Hydra

Ein Boot? Ein Vogel? Wer bin ich? – Der Mann auf dem Boot, der dem Vogel nachschaut, der bin ich!

Das Boot pachtete ich dieses Jahr zum ersten Mal, damit ich mit den Touristen meine Geschäfte mache, während Eleonore auf dem Kai gegenüber der Liegestelle des Bootes den Handel mit den Bildchen betreibt, die ich in den Wintermonaten in der Stube nach Ansichtskarten male.

Dem Hafen entlang ist wenig Platz für Fußgänger. Die Lädchen sind dem Wasser und den Booten ganz nah.

So haben Eleonore und ich das deutsche Paar gleichzeitig bemerkt und uns ein Zeichen gegeben. Warum auch nicht? Das wären doch genau die Leute gewesen, mit denen ein Geschäft zu machen ist. Und ich meine das nicht mal böse! Aber sie gingen weiter. Konnten wir uns so irren, die Eleonore und ich?
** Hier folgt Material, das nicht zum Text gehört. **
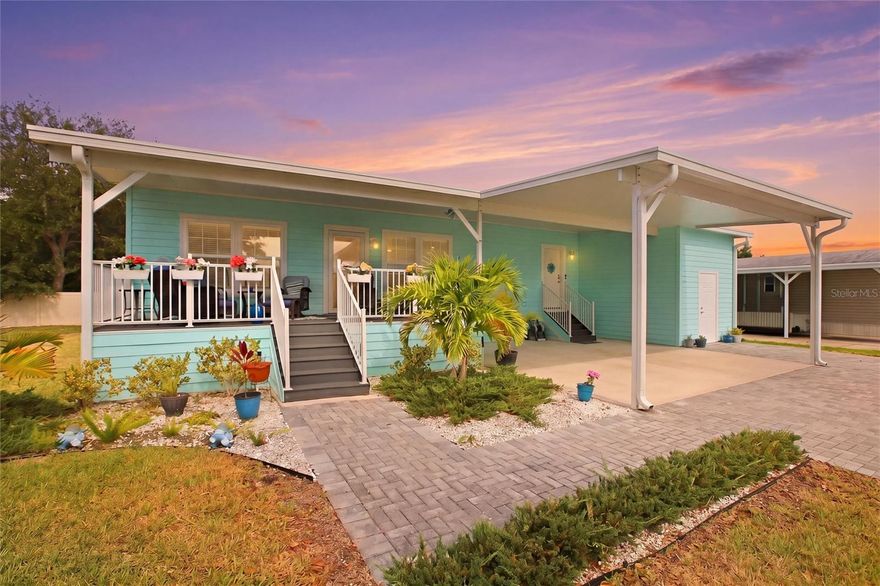 Welcome to paradise in the sought-after 55+ waterfront community of Harbor View On The Bay! Built in 2022, this beautifully upgraded 3-bedroom, 2-bath manufactured home offers the perfect blend of modern coastal style, quality construction, and low-maintenance Florida living just moments from Charlotte Harbor. Featuring over 1,600 square feet of living space, this home was thoughtfully designed with an open-concept split-bedroom floor plan that lives large and feels bright, airy, and inviting from the moment you walk in. The chef-inspired kitchen is truly the heart of the home, complete with granite countertops, oversized custom island, 42” cabinetry, full glass backsplash, convection wall oven and microwave, cooktop with sleek European range hood, recessed lighting, and abundant prep and storage space. The spacious living and dining areas flow seamlessly for easy entertaining, while the high-impact sliding glass doors lead to a private outdoor space perfect for enjoying peaceful mornings or relaxing after a day on the water. The primary suite offers a spa-like feel with a beautifully tiled shower and comfort-height vanities, while the guest bedrooms provide flexibility for visitors, hobbies, or a home office. Additional upgrades include vinyl plank flooring throughout, impact-resistant windows, Hardie cement-composite siding, Galvalume metal roof, upgraded insulation, 9-foot ceilings with crown molding, 2x6 exterior walls, and Wind Zone 3 construction for added durability and peace of mind.  Located in an active and pet-friendly community known for its coastal charm and resort-style atmosphere, residents enjoy amenities including a fishing pier, clubhouse, community activities, shuffleboard, and stunning waterfront surroundings near dining, shopping, boating, beaches, and historic downtown Punta Gorda. Whether you’re searching for your seasonal escape or full-time Florida retreat, this move-in ready home delivers the lifestyle buyers are actively searching for in Southwest Florida.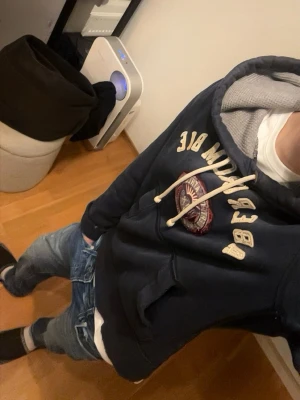 Mörkblå hoodie från Abercrombie - Mörkblå hoodie från Abercrombie med stor huva och grått innerfoder. Broderad logga och text på bröstet, vita dragsnören och känguruficka framtill. Perfekt för en chill och avslappnad stil.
Sie ist meine Mutter und hat mich allein erzogen. Ich verlor den Vater früh. Sie weiß Bescheid im Leben. Als Kleiner spielte ich mich als ihr Beschützer auf, wo ich es für nötig hielt.

Wie ich auf die Malerei kam? Hier auf Hydra wohnen viele Maler. Eines Tages kauft man Pinsel, und so weiter. Man lässt sich im Laden, den es auf der Insel wegen der vielen Maler gibt, beraten.. Kauft eine schöne Postkarte, die einem nicht zu schwer zum Abmalen vorkommt. Bald schon geht das recht gut und man fängt an, es gerne zu tun gegen die Langeweile im Winter und wenn die Mama Eleonore ihre Stickereien macht .So arbeiten wir zusammen fürs Geschäft.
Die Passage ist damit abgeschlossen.